18.7.5 Cumulative Load Metrics

Cumulative load tracking monitors the total physical stress accumulated over a match, a week, or a season. Key metrics include:

PlayerLoad (Catapult). A proprietary metric derived from the triaxial accelerometer in wearable devices:

$$ \text{PlayerLoad} = \sum_{i=1}^{N-1} \sqrt{(a_{x,i+1} - a_{x,i})^2 + (a_{y,i+1} - a_{y,i})^2 + (a_{z,i+1} - a_{z,i})^2} $$

Total High-Intensity Distance (THID). The sum of all distance covered above the high-speed running threshold.

Acceleration Load.

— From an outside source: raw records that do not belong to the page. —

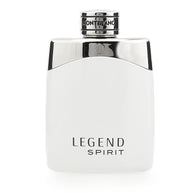 Montblanc Legend Spirit Eau de Toilette Spray 100 ml / 3.3 fl oz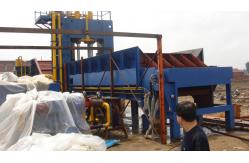 China 400 Ton Scrap Metal Shear / Hydraulic Driven Shear Cutter Machine High Speed supplier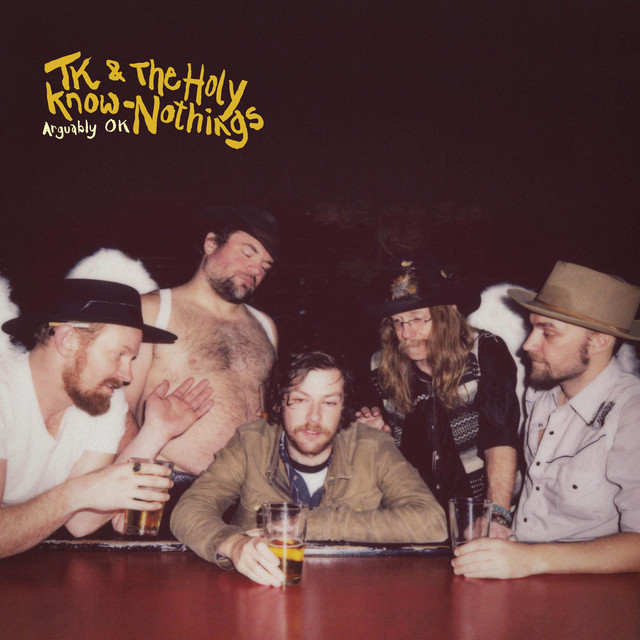 The Nothings photo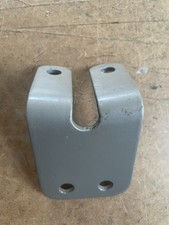 Possible BSA  Mudguard Bracket
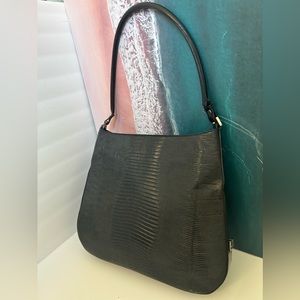 Authentic Salvatore Ferragamo shoulder bag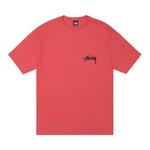 Футболки Stussy Scorpion Tee 'Перец' 1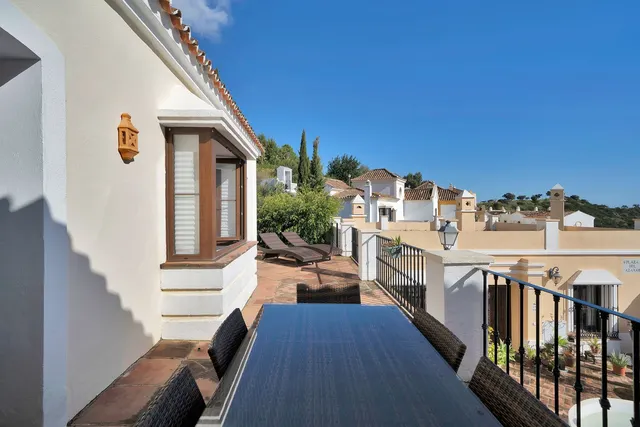 Adosado 3 habitaciones 169m² en venta - Costa del Sol — 37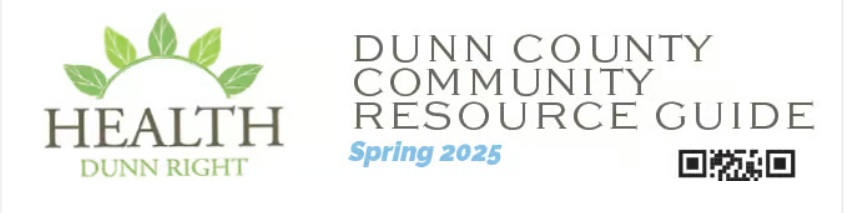 New 2025 Community Resource Guide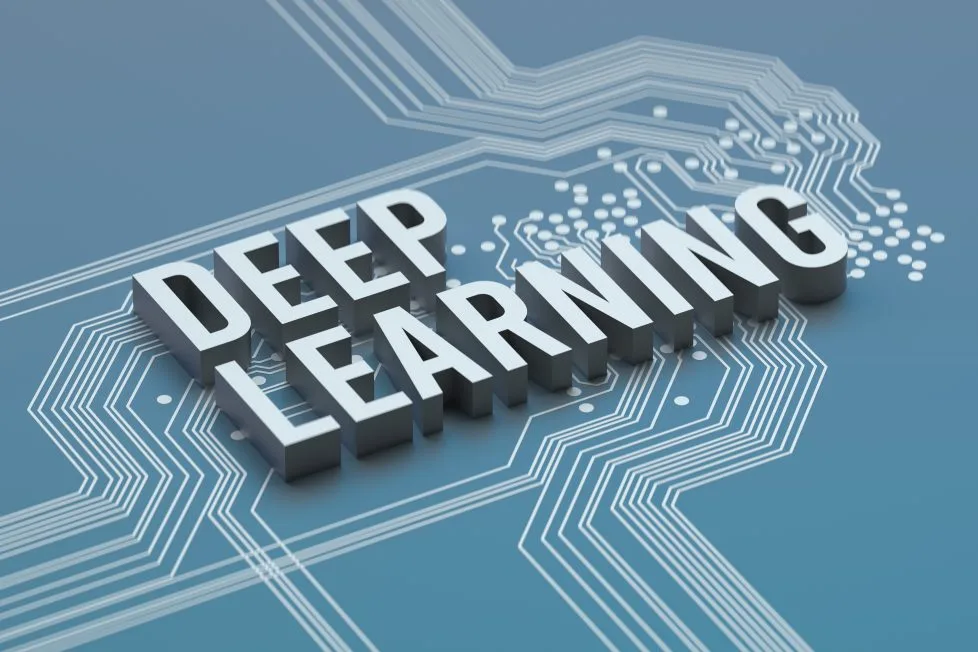 Deep learning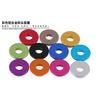 M2M2.534-6 Color Aleación de Aluminio Anodizado Cabeza de Copa Perno Arandela Huashi Mesón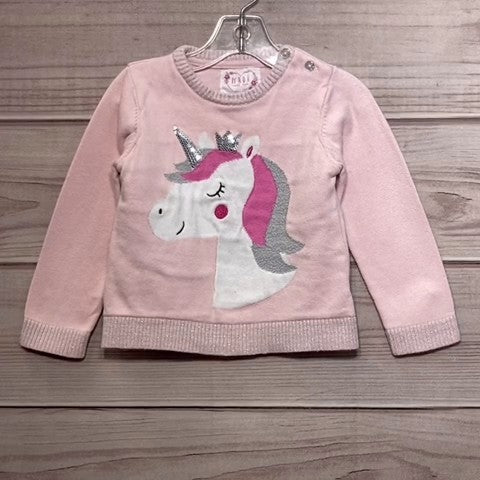 Primark Girls Sweater Baby: 18-24m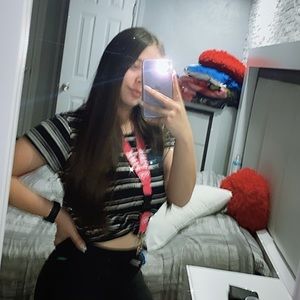 Meet your Posher, Fernanda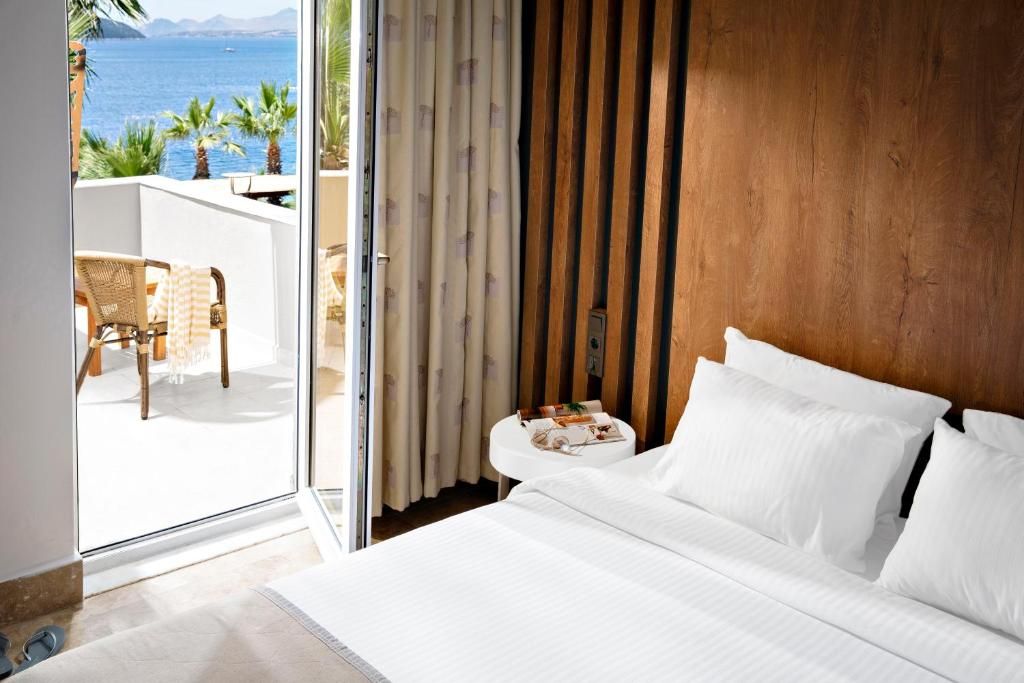 TUI Magic Life Bodrum (Adults Only) фото 150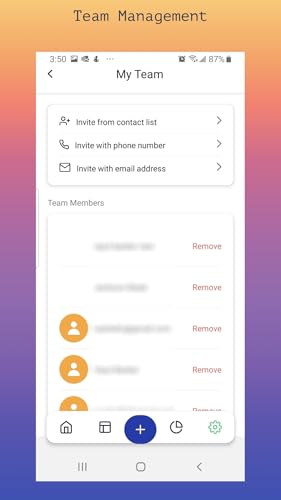 eAuditor Audits & Inspections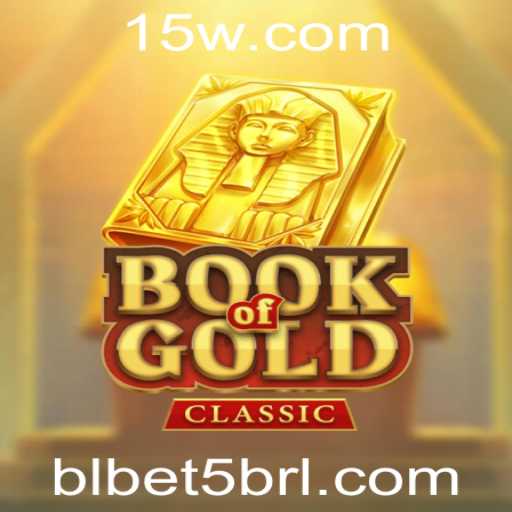 Explorando o Fascinante Mundo de 'Book of Gold Classic'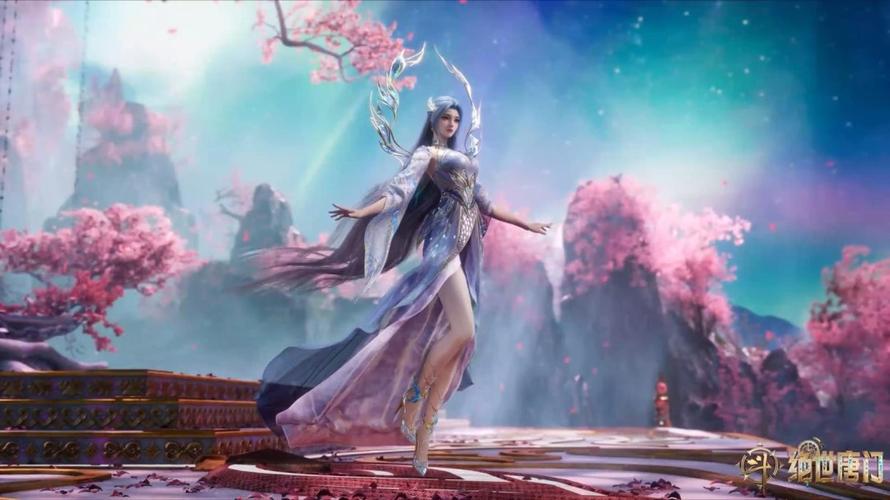 斗罗大陆3D同人游戏全方位入门指南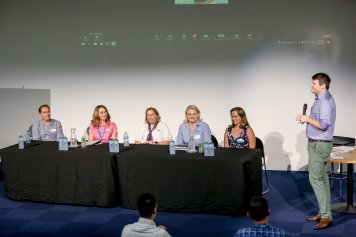 AMAQ Careers Expo March 2022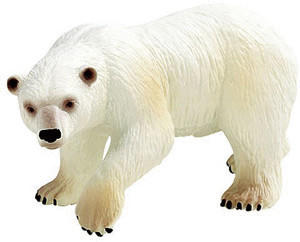 Bullyland Eisbär (63537)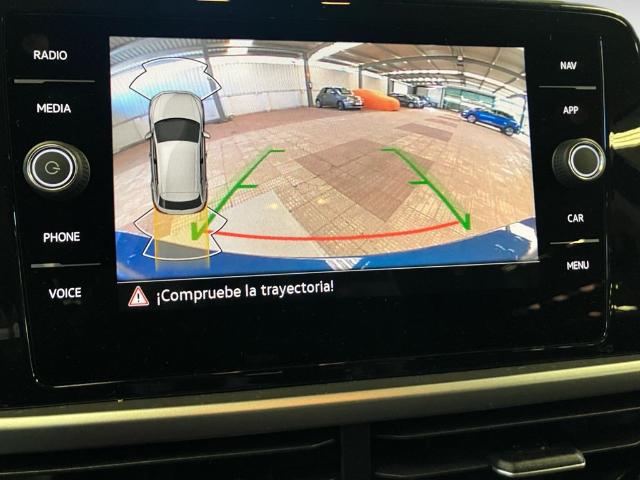 Volkswagen T-Roc Life 1.0 TSI 85 kW (115 CV)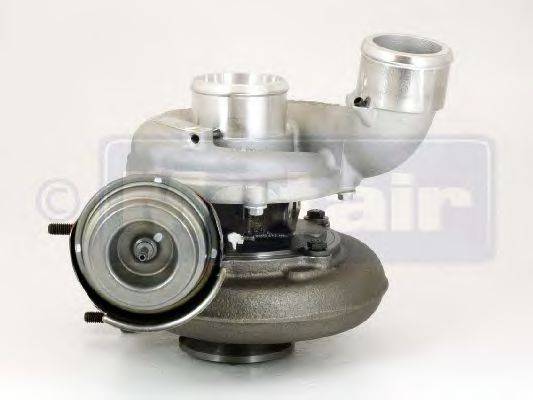 MOTAIR TURBOLADER 334620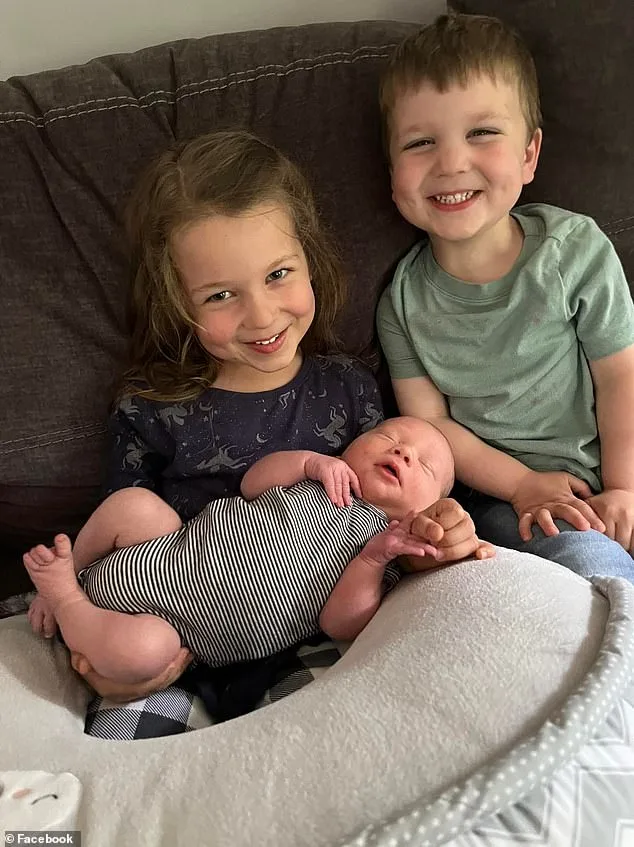 Lindsay Clancy's Trial: A Mother's Alleged Tragedy and the Debate Over Mental Health and Parental Responsibility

The integral of absolute acceleration over time:

$$ L_{\text{acc}} = \int_0^T |a_{\parallel}(t)| \, dt $$

18.7.6 Acute-to-Chronic Workload Ratio (ACWR)

The ACWR compares recent workload (acute, typically 1 week) to longer-term average workload (chronic, typically 4 weeks):

$$ \text{ACWR} = \frac{W_{\text{acute}}}{W_{\text{chronic}}} $$

where $W$ is a chosen workload metric (total distance, HSRD, PlayerLoad, etc.). An ACWR between 0.8 and 1.3 is generally considered the "sweet spot" for balancing performance and injury risk (Gabbett, 2016). Values above 1.5 indicate a spike in workload that may increase injury risk.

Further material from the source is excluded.